Labor is deeply concerned at reports of further cuts to international development assistance in this year’s Budget.
Australia has a deep interest in contributing to global poverty alleviation, and our international development program supports security and stability in our region.
The Foreign Minister’s own DFAT White Paper, released just four months ago declares “Australia's overseas aid program aims to help developing countries reduce poverty and achieve sustainable development in line with Australia's national interest.”
At the same time as it committed to a $65 billion tax cut to big business, the 2016-17 Budget delivered the weakest levels of Australian development assistance in history, spending just 22 cents in every $100 of our national income on foreign aid.

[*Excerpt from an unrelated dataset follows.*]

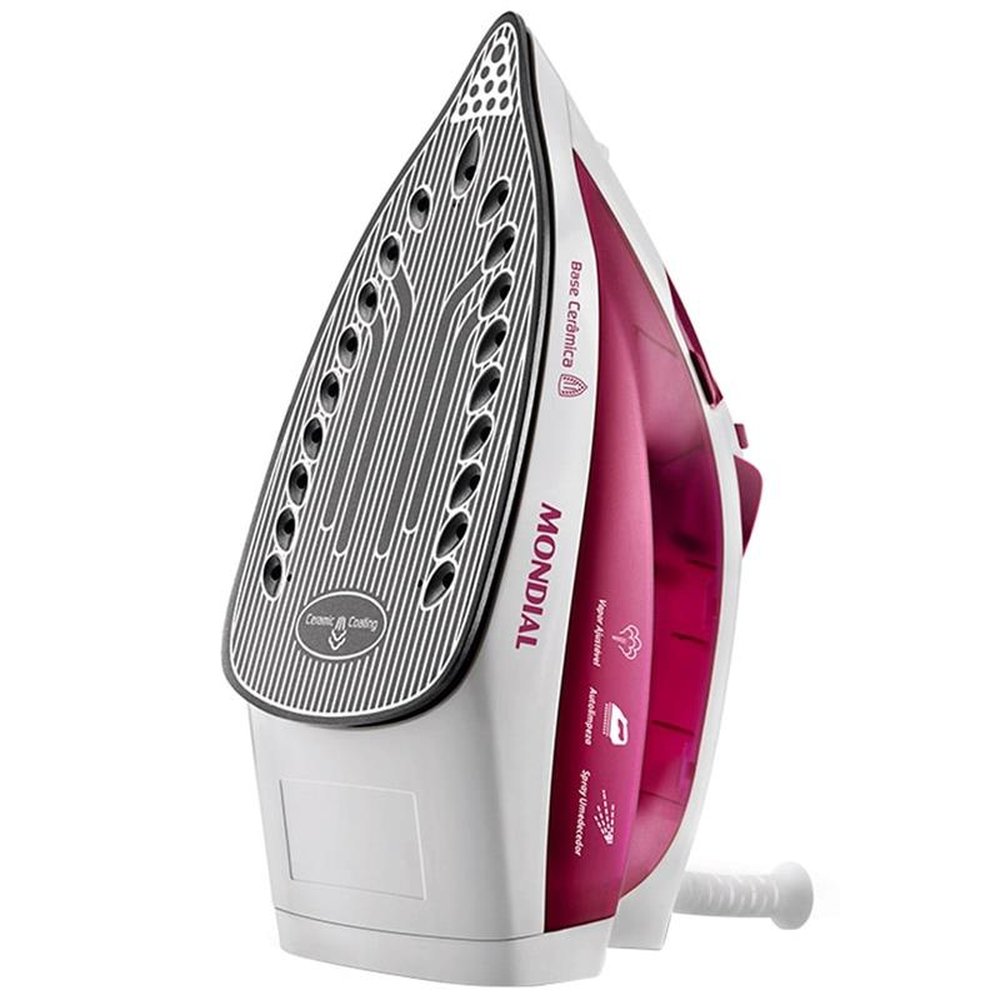"Ferro de Passar a Vapor NF-33 Rosa 110V - Mondial"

Over the next decade this will get even worse, with the Turnbull Government’s budget figures forecasting our international development program will fall to just 0.17 per cent of GNI.
Alarmingly, the Minister for International Development and the Pacific , Concetta Fierravanti-Wells , yesterday appeared to confirm aid cuts were being considered.
Asked in Senate Question Time to rule out further cuts in this year's Budget, Senator Fierravanti-Wells replied "I'm sure you'll stay tuned on Budget night that will be in May”.
Just this week, in an unusually blunt assessment, the OECD Development Assistance Committee urged the Turnbull Government to lift aid spending and warned cuts to international development assistance were undermining Australia’s influence in the region.
The Turnbull Government’s cuts to development assistance are already a source of international embarrassment for Australia, and are at odds with the generous spirit of the Australian people.
In February, I committed a Shorten Labor Government to rebuilding Australia’s international development assistance program and increasing aid investment beyond current levels.
A Shorten Labor Government will contribute more to international development assistance than the current Government. And we will ensure more of it gets to the people who it is meant to be assisting.
Labor has repeatedly urged the Turnbull Government to return to a properly bipartisan approach to international development assistance.
Instead of continuing to prioritise massive tax cuts for big business, Julie Bishop must rule out further cuts to Australia’s already embarrassingly low level of international development assistance in this year’s Budget.